Brief> Print all of the data below exactly as it appears, leaving out every image.

Supplied material Start Marker

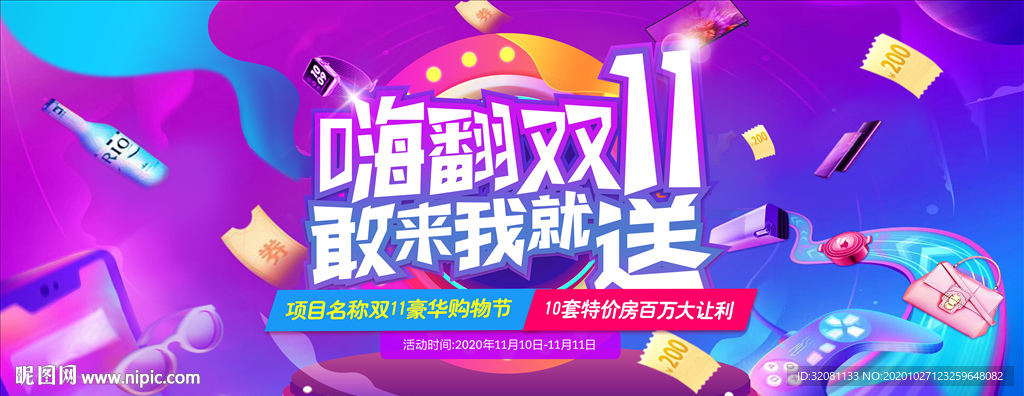 双十一购房节图片
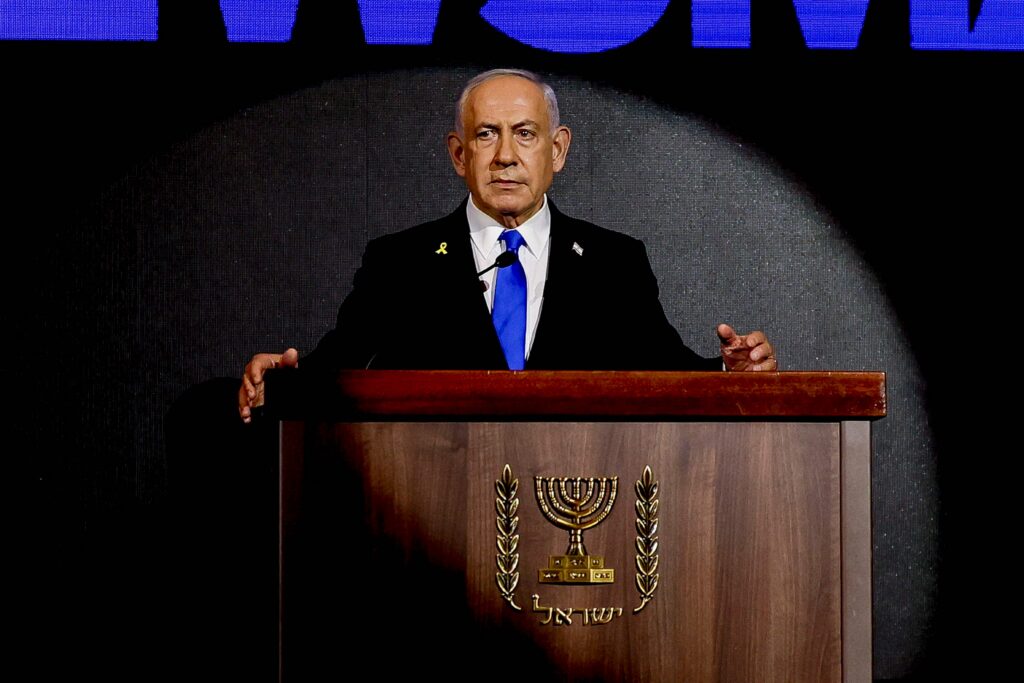 Benjamin Netanyahu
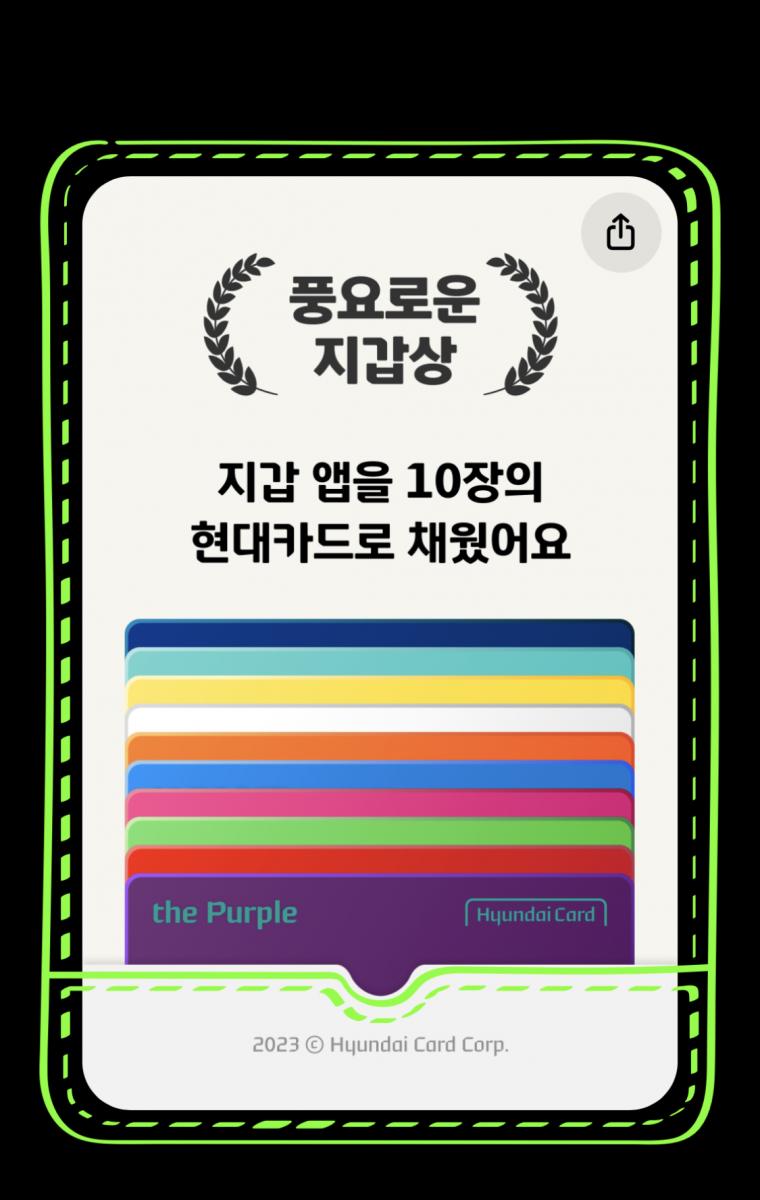 애플페이 100일 기념 제일 통크게 결제한 사람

Supplied material End Marker

Answer box>
 双十一购房节图片
 Benjamin Netanyahu
 애플페이 100일 기념 제일 통크게 결제한 사람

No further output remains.